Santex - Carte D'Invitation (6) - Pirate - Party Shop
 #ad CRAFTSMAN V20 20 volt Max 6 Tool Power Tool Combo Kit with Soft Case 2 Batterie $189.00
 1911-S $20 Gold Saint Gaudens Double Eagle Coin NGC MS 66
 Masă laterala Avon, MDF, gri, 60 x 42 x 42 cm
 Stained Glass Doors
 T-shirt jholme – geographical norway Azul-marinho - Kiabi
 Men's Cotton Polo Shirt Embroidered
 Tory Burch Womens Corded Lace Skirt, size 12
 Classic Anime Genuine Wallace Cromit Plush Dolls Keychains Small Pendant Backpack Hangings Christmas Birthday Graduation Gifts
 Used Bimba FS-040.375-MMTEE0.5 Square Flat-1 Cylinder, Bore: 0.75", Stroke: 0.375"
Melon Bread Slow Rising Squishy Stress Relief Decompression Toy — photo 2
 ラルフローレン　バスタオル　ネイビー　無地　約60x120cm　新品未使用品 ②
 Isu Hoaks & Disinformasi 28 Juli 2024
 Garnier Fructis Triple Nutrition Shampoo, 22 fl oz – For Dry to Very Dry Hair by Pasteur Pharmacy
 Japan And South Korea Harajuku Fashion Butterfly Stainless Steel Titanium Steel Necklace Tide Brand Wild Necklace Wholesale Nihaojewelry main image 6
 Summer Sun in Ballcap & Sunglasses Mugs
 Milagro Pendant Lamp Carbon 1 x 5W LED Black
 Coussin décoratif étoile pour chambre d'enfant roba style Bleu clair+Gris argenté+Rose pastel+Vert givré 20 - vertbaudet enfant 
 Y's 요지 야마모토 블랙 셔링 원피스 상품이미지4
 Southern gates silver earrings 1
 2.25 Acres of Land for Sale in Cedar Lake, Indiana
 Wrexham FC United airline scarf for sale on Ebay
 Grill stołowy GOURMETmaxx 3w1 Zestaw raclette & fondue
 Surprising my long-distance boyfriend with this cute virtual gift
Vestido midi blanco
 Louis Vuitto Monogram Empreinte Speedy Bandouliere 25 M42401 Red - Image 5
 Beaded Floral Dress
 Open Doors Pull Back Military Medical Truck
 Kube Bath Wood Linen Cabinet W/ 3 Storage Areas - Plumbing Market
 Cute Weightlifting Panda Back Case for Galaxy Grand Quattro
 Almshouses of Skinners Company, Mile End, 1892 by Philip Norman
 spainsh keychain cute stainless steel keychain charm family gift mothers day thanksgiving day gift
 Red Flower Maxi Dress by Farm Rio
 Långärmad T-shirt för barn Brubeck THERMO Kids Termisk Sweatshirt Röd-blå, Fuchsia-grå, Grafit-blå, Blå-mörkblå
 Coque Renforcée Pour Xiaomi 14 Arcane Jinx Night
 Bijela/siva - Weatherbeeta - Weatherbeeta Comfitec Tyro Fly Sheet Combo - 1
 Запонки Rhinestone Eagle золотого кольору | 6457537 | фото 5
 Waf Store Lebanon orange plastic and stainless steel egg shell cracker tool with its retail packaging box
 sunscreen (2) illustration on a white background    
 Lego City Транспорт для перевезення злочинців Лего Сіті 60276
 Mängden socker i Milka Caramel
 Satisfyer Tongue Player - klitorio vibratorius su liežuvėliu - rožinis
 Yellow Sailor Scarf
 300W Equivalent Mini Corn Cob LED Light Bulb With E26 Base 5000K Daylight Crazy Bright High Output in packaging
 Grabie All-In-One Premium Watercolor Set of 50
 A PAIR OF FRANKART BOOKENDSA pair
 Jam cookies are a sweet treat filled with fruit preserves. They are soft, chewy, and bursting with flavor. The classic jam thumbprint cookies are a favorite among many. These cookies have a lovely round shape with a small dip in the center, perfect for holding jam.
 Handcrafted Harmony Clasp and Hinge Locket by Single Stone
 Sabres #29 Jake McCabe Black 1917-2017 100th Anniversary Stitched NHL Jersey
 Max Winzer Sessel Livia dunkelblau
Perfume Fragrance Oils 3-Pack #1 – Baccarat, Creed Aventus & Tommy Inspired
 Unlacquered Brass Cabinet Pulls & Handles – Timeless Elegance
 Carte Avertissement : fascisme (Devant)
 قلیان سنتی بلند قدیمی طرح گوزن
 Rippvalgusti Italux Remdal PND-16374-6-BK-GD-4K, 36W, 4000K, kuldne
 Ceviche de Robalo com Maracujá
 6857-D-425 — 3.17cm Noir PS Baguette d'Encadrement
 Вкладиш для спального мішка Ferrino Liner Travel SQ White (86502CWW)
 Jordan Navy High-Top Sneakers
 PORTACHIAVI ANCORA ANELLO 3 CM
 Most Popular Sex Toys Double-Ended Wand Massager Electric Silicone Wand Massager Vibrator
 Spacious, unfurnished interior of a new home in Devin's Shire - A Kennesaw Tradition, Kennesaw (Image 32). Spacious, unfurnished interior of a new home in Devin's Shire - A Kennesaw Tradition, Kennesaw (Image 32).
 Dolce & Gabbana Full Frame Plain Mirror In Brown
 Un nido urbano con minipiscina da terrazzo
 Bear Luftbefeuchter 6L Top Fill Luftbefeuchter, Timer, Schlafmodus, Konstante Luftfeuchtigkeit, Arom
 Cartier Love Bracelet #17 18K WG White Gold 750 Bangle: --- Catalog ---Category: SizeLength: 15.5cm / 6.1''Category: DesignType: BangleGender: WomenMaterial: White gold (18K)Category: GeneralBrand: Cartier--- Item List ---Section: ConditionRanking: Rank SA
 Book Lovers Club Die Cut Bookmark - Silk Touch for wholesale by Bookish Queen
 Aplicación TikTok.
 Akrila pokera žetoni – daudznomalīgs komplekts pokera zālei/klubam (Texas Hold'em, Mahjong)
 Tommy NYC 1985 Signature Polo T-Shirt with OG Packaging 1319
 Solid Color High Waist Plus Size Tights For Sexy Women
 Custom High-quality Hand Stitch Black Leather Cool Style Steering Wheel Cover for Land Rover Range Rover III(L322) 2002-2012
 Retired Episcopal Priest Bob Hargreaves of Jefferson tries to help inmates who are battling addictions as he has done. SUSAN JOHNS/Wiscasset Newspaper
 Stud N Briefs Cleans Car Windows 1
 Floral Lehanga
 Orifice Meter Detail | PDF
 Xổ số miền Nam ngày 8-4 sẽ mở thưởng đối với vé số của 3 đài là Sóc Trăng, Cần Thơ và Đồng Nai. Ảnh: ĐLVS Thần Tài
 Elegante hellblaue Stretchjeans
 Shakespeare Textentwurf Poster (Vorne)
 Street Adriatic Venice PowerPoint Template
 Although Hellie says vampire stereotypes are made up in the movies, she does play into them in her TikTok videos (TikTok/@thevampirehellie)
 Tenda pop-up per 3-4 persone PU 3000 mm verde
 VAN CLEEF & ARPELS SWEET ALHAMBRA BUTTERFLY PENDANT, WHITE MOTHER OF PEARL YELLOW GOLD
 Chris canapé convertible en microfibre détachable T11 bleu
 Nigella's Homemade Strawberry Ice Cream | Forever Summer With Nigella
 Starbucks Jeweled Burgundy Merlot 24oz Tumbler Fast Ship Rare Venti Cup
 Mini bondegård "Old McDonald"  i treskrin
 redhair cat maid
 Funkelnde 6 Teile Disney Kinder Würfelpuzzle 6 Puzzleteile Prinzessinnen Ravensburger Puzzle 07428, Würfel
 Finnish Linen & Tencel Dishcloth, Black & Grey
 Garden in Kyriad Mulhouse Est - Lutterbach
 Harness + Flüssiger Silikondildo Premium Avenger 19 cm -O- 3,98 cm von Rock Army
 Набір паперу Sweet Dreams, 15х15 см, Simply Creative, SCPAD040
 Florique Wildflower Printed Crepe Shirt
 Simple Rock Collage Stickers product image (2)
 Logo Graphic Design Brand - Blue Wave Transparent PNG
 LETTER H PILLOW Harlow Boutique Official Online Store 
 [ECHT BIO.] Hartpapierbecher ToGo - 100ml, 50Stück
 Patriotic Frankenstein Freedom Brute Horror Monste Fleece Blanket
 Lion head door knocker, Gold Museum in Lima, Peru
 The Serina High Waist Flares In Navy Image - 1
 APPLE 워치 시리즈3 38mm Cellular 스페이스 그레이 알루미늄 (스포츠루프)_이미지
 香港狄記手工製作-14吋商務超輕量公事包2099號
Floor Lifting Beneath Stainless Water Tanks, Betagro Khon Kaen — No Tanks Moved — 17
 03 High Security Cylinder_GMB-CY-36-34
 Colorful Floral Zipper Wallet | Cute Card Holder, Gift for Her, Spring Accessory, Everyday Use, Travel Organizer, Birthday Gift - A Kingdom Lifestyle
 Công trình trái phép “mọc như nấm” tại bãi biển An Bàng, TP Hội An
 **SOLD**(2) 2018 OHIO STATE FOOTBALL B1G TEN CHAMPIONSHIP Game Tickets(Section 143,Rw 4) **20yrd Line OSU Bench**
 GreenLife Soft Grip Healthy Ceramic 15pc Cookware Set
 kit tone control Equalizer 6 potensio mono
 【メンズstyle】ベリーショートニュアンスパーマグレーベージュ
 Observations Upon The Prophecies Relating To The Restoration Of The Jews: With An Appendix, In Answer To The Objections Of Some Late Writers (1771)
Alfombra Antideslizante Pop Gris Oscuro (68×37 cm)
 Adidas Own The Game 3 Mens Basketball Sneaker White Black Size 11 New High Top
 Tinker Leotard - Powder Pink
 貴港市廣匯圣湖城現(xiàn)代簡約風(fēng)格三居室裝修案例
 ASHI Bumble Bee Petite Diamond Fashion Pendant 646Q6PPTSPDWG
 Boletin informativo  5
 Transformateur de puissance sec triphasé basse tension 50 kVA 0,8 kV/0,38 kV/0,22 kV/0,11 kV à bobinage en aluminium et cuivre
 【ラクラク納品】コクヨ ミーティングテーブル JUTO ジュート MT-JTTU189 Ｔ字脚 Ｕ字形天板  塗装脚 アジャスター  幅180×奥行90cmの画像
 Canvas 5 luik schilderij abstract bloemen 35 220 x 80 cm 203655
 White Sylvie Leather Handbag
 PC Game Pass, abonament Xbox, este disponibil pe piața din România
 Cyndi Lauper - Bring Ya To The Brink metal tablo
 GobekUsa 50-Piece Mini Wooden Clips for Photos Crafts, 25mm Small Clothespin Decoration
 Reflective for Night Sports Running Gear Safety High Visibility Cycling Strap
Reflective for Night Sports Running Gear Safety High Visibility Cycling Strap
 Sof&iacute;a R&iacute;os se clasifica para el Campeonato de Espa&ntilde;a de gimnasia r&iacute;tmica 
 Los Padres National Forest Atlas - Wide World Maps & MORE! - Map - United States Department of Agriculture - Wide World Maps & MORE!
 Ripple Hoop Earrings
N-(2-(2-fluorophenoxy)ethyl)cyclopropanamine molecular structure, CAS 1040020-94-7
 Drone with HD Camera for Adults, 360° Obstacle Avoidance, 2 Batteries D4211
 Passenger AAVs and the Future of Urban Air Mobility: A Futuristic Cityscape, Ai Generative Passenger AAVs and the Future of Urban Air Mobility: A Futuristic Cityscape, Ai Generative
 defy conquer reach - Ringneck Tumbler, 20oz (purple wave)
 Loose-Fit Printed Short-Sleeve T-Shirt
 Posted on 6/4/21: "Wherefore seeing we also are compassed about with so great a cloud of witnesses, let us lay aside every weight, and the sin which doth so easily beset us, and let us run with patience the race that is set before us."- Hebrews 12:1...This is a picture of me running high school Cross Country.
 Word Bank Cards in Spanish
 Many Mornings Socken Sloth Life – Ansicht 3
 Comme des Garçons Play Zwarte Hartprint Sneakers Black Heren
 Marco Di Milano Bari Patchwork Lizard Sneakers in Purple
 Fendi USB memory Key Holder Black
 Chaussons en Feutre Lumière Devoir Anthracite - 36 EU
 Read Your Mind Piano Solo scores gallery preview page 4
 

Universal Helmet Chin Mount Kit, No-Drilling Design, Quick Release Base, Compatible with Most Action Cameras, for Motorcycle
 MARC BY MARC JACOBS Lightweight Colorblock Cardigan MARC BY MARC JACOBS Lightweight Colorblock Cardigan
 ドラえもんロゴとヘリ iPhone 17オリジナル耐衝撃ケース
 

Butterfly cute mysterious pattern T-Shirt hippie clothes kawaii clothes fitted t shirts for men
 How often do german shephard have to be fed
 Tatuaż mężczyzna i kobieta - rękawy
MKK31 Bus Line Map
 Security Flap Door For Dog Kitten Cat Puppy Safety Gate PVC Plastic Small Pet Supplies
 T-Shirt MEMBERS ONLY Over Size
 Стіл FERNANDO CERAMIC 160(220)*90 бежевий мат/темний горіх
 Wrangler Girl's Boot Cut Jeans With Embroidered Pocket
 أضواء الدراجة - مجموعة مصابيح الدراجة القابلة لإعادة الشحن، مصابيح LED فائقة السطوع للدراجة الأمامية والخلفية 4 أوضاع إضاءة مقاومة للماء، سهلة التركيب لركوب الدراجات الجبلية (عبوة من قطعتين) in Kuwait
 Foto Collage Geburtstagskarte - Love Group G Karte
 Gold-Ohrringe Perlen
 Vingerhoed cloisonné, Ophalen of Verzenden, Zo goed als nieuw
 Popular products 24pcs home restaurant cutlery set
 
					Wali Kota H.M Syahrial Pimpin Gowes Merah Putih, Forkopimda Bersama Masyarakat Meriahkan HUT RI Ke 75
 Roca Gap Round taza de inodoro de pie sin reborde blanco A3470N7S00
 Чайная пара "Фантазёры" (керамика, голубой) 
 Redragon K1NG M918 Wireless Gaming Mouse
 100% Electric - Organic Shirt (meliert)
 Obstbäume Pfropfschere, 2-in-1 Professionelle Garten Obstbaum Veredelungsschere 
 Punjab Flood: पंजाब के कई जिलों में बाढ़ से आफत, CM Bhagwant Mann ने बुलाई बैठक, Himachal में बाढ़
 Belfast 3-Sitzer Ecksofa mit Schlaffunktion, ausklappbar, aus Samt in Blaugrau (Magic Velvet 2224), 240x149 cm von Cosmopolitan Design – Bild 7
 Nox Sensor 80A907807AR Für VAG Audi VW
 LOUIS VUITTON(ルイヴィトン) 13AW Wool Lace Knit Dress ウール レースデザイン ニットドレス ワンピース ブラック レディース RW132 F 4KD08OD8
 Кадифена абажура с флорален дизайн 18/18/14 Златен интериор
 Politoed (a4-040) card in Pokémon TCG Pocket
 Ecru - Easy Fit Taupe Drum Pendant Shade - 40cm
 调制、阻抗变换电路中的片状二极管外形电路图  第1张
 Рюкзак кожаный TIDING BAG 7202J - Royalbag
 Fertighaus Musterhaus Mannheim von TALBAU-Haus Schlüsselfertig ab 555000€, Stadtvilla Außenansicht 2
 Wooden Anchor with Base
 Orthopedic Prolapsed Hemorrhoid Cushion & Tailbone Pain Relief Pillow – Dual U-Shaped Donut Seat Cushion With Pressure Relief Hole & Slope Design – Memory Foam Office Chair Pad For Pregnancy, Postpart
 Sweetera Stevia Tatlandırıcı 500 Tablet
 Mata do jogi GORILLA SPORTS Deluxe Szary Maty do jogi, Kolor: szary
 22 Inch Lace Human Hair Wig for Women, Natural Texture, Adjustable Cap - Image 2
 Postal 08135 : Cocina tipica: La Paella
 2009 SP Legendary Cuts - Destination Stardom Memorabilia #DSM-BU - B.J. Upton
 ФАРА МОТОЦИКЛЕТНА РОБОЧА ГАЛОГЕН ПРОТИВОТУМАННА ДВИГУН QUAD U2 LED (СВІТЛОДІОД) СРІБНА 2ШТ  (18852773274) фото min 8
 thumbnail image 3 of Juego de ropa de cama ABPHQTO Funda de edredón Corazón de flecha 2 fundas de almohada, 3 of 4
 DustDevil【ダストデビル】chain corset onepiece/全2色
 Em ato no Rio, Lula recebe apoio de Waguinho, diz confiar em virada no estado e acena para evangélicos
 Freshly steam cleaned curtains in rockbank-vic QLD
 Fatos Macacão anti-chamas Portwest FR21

What you should do —
From the records above, transcribe exactly the run of lines that opens with the line holding "Melon Bread Slow" and closes with the line holding "Kube Bath Wood", both included.

Output for this exercise —
Melon Bread Slow Rising Squishy Stress Relief Decompression Toy — photo 2
 ラルフローレン　バスタオル　ネイビー　無地　約60x120cm　新品未使用品 ②
 Isu Hoaks & Disinformasi 28 Juli 2024
 Garnier Fructis Triple Nutrition Shampoo, 22 fl oz – For Dry to Very Dry Hair by Pasteur Pharmacy
 Japan And South Korea Harajuku Fashion Butterfly Stainless Steel Titanium Steel Necklace Tide Brand Wild Necklace Wholesale Nihaojewelry main image 6
 Summer Sun in Ballcap & Sunglasses Mugs
 Milagro Pendant Lamp Carbon 1 x 5W LED Black
 Coussin décoratif étoile pour chambre d'enfant roba style Bleu clair+Gris argenté+Rose pastel+Vert givré 20 - vertbaudet enfant 
 Y's 요지 야마모토 블랙 셔링 원피스 상품이미지4
 Southern gates silver earrings 1
 2.25 Acres of Land for Sale in Cedar Lake, Indiana
 Wrexham FC United airline scarf for sale on Ebay
 Grill stołowy GOURMETmaxx 3w1 Zestaw raclette & fondue
 Surprising my long-distance boyfriend with this cute virtual gift
Vestido midi blanco
 Louis Vuitto Monogram Empreinte Speedy Bandouliere 25 M42401 Red - Image 5
 Beaded Floral Dress
 Open Doors Pull Back Military Medical Truck
 Kube Bath Wood Linen Cabinet W/ 3 Storage Areas - Plumbing Market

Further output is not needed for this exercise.